- **Listed records**:
____________________
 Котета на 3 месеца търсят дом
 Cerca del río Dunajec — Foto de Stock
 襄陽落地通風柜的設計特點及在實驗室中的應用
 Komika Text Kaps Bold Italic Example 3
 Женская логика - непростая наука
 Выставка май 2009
____________________
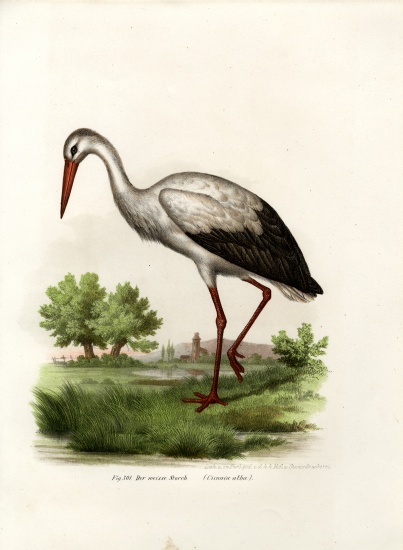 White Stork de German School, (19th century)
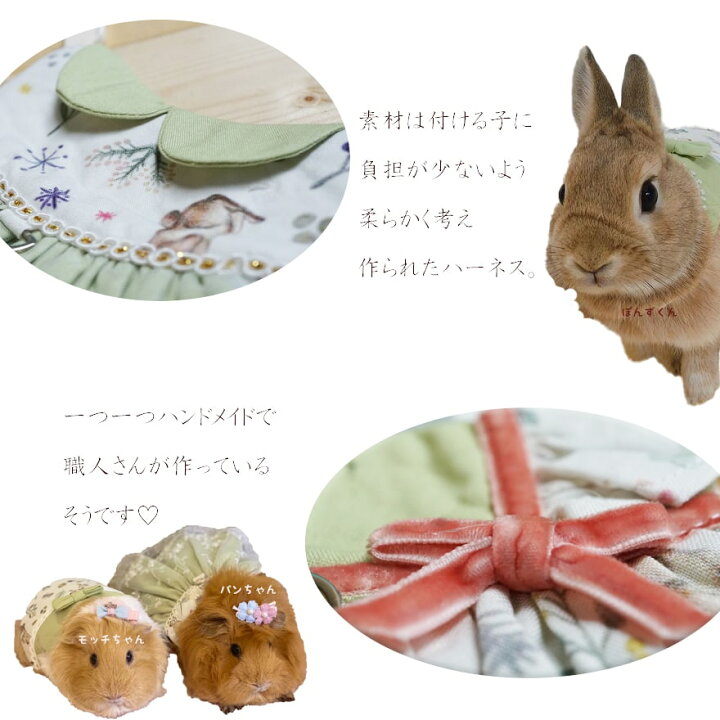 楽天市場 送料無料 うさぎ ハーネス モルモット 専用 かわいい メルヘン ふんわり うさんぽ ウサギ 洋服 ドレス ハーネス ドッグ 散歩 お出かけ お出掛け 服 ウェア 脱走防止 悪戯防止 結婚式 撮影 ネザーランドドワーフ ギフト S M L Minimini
____________________
- **Try it**:
Taking the records above, retype every line from the one with "Котета на 3 месеца търсят дом" down to the one with "Выставка май 2009", exactly and with nothing else.

- **Exercise result**:
 Котета на 3 месеца търсят дом
 Cerca del río Dunajec — Foto de Stock
 襄陽落地通風柜的設計特點及在實驗室中的應用
 Komika Text Kaps Bold Italic Example 3
 Женская логика - непростая наука
 Выставка май 2009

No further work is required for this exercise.